BEGIN RECORDS TO USE

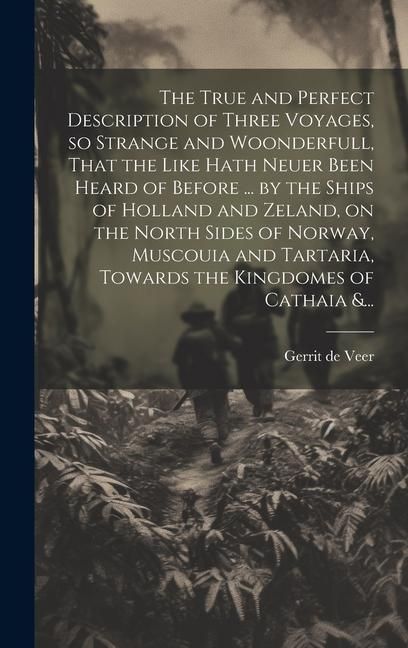 Produktbild: The True and Perfect Description of Three Voyages, so Strange and Woonderfull, That the Like Hath Neuer Been Heard of Before ... by the Ships of Holla
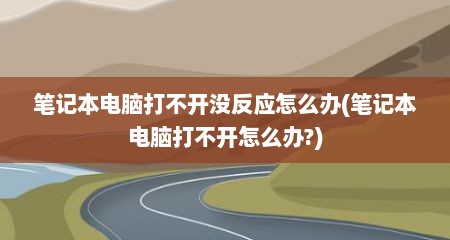 笔记本电脑打不开没反应怎么办(笔记本电脑打不开怎么办?)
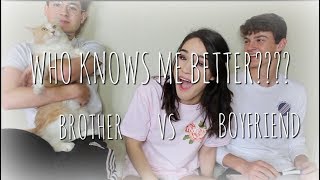 WHO KNOWS ME BETTER? BROTHER VS BOYFRIEND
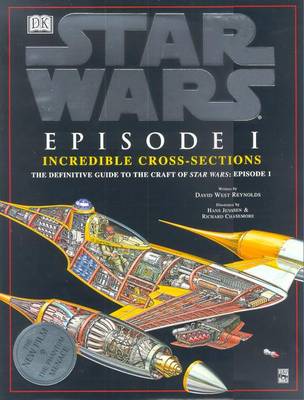 Star Wars: Episode One - Incredible Cross Sections - Reynolds, David West, and Jenssen, Hans, and Chasemore, Richard
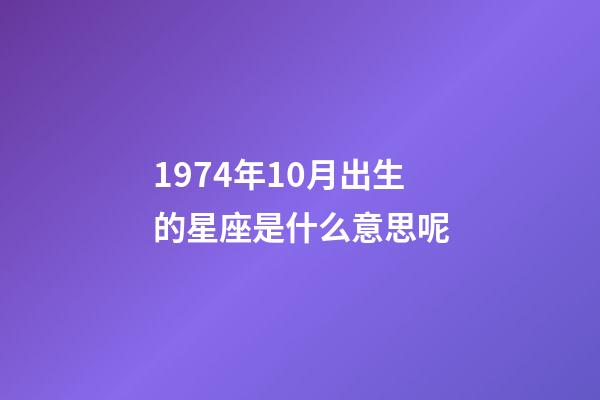 1974年10月出生的星座是什么意思呢-第1张-星座运势-玄机派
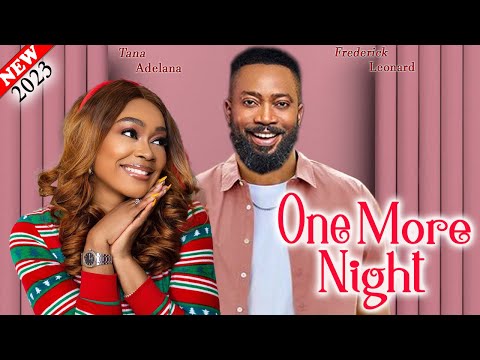 ONE MORE NIGHT (2023 New Movie) - Frederick Leonard & Tana Adelana Full Latest Nollywood Movie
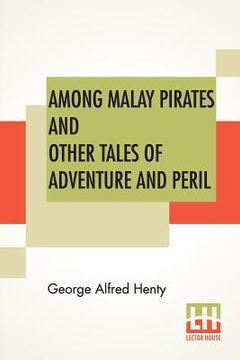 portada Among Malay Pirates And Other Tales Of Adventure And Peril: A Tale Of Adventure And Peril (en Inglés)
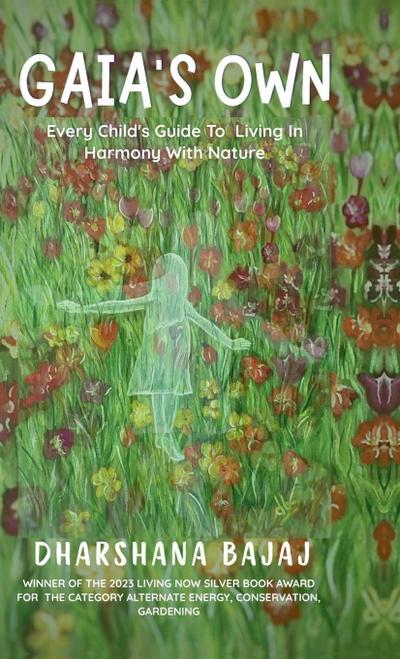 Gaia’s Own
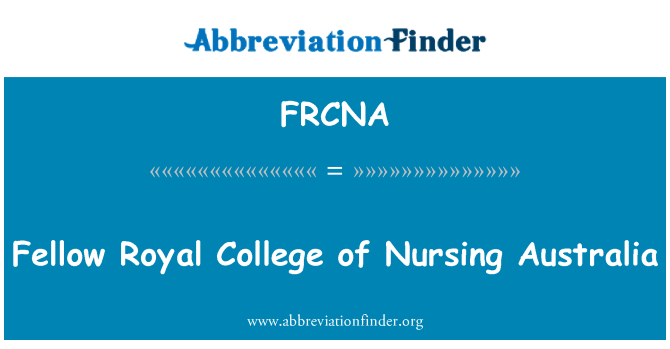 FRCNA: Fellow Royal College of Nursing Australien
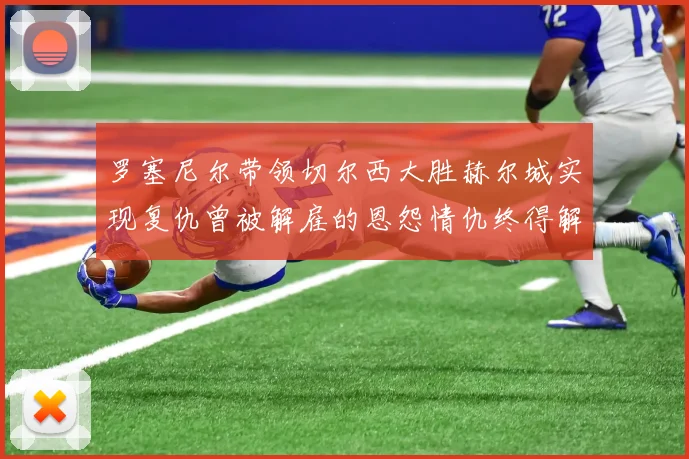 罗塞尼尔带领切尔西大胜赫尔城实现复仇曾被解雇的恩怨情仇终得解开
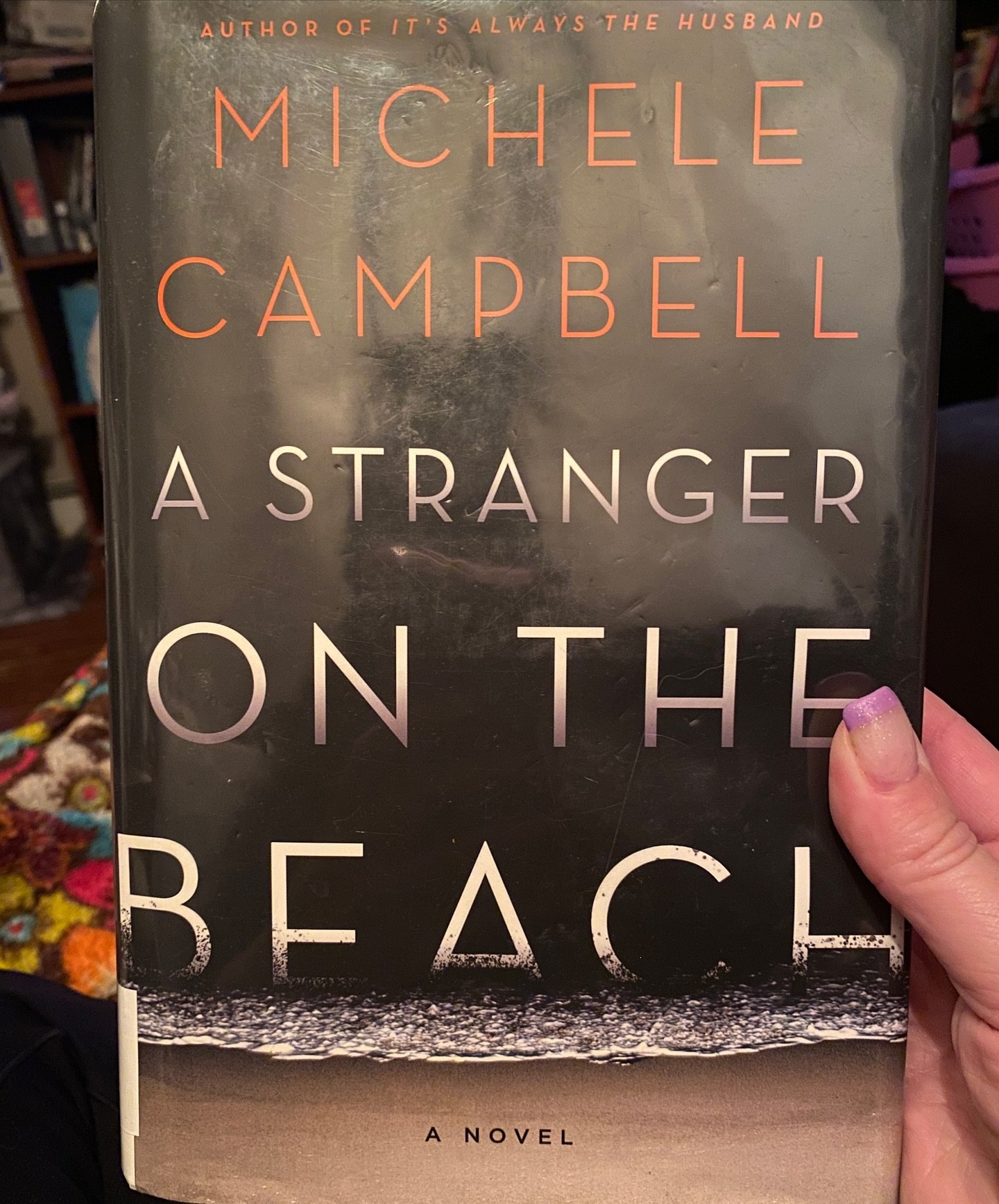 📚 this week&rsquo;s read - A Stranger on the Beach by Michele Campbell @michelecampbellbooks

This is my 3rd read of a book authored by her.

I love how she writes - I&rsquo;m immediately drawn in.

What are you reading this week?

If you aren&rsquo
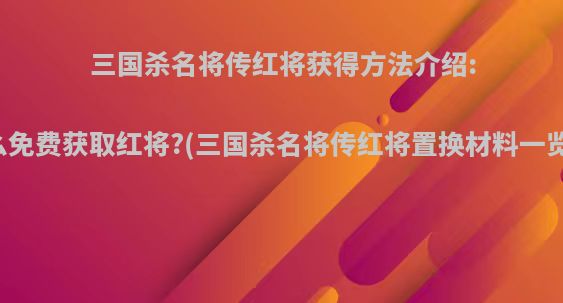三国杀名将传红将获得方法介绍:怎么免费获取红将?(三国杀名将传红将置换材料一览表)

END RECORDS TO USE

> _EXERCISE_:
Between and including the line with "1974年10月出生的星座是什么意思呢-第1张-星座运势-玄机派" and the line with "If you aren&rsquo", repeat every line exactly as it appears above, with pictures left out.

> _RESPONSE_:
 1974年10月出生的星座是什么意思呢-第1张-星座运势-玄机派
 ONE MORE NIGHT (2023 New Movie) - Frederick Leonard & Tana Adelana Full Latest Nollywood Movie
 portada Among Malay Pirates And Other Tales Of Adventure And Peril: A Tale Of Adventure And Peril (en Inglés)
 Gaia’s Own
 FRCNA: Fellow Royal College of Nursing Australien
 罗塞尼尔带领切尔西大胜赫尔城实现复仇曾被解雇的恩怨情仇终得解开
 📚 this week&rsquo;s read - A Stranger on the Beach by Michele Campbell @michelecampbellbooks

This is my 3rd read of a book authored by her.

I love how she writes - I&rsquo;m immediately drawn in.

What are you reading this week?

If you aren&rsquo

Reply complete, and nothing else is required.